__TASK BRIEF__.
Keep to one stretch of the data below, the lines from the one with "NWT faux leather leggings" up to and including the one with "Carte Pokémon Axoloto", and return that stretch exactly.

__TASK MATERIAL__.
□ □ □

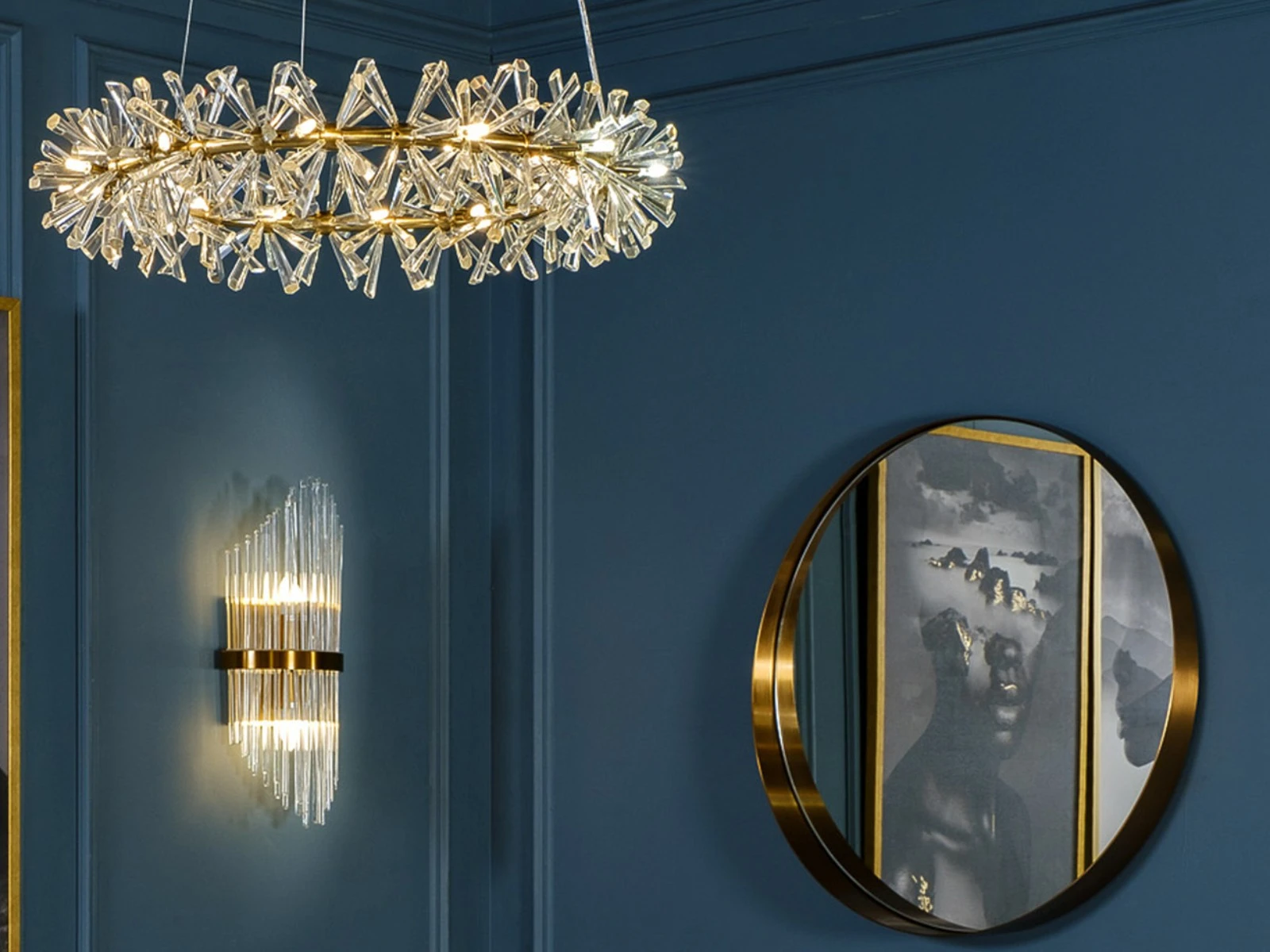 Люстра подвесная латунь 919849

□ □ □

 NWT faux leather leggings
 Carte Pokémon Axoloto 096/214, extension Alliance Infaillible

□ □ □

__RESPONSE AREA__.
 NWT faux leather leggings
 Carte Pokémon Axoloto 096/214, extension Alliance Infaillible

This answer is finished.